Conventional treatment of early stage HL entails combination chemotherapy (often adriamycin, bleomycin, vinblastine, and dacarbazine) followed by involved field radiotherapy. As most patients presenting with HL-related VBDS/IC have significantly elevated bilirubin, it is often difficult to administer chemotherapy in effective doses and proven drug combinations. Patients with compromised liver function due to extrahepatic biliary obstruction by HL can be managed initially with chemotherapy regimens comprised of agents which are safe in the face of liver dysfunction; standard regimens can be instituted once liver function improves. This strategy may be possible in patients with HL-related VBDS/IC if prompt recovery of hepatic function occurs. However, recovery of liver function is often slow in patients with HL-related VBDS/IC, and radiation alone becomes the best treatment option. Fortunately, definitive radiotherapy with extended fields yields equivalent overall survival rates when compared with combined modality therapy in patients with favorable early stage HL [34]. Patients with this syndrome should be referred promptly for consideration of radiotherapy, as definitive radiotherapy for early stage HL is not compromised in any way by the presence of hepatic dysfunction. Indeed, our patient underwent extended field radiotherapy and tolerated the treatment well. At 29 months since presentation, he is currently alive with near-normal LFT's, and without any evidence of recurrent HL.

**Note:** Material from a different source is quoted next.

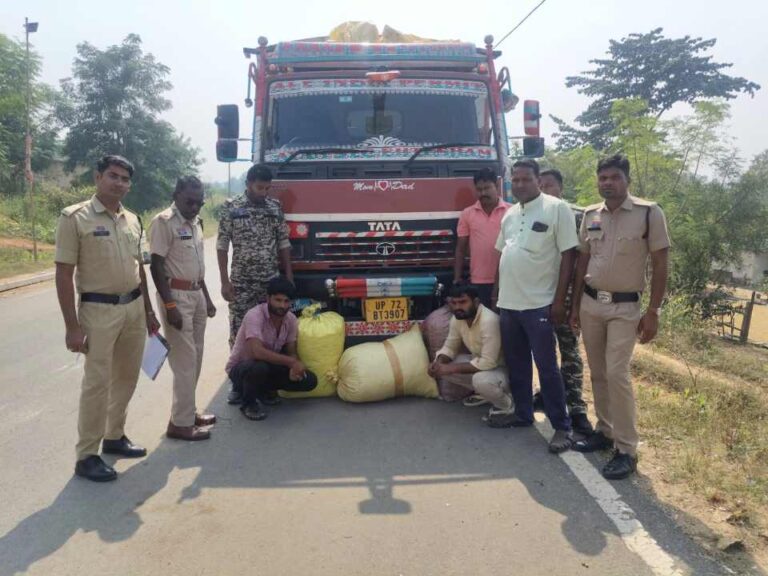 ओड़िशा से उत्तर प्रदेश ले जा रहा था 60 किलो गांजा: बसना में एएनटीएफ और पुलिस की संयुक्त बड़ी कार्रवाई, दो अंतरराज्यीय तस्कर गिरफ्तार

Our analysis of all published cases in the literature demonstrates that HL-related VBDS/IC does not represent an irreversible form of liver damage, with approximately 1/3 of patients recovering hepatic function. Patients diagnosed with this combination of diseases should be referred for definitive therapy, preferably definitive radiotherapy if appropriate for disease stage, as definitive chemotherapy is usually not possible due to the degree of hepatic dysfunction. Only patients who experience remission of HL have any probability of hepatic function recovery and prolonged survival. As long-term follow-up in the literature is lacking, patients should be monitored closely for recurrence of HL and/or worsening hepatic function. Patients who have a complete response of HL, but continue to have liver failure should be considered for liver transplantation.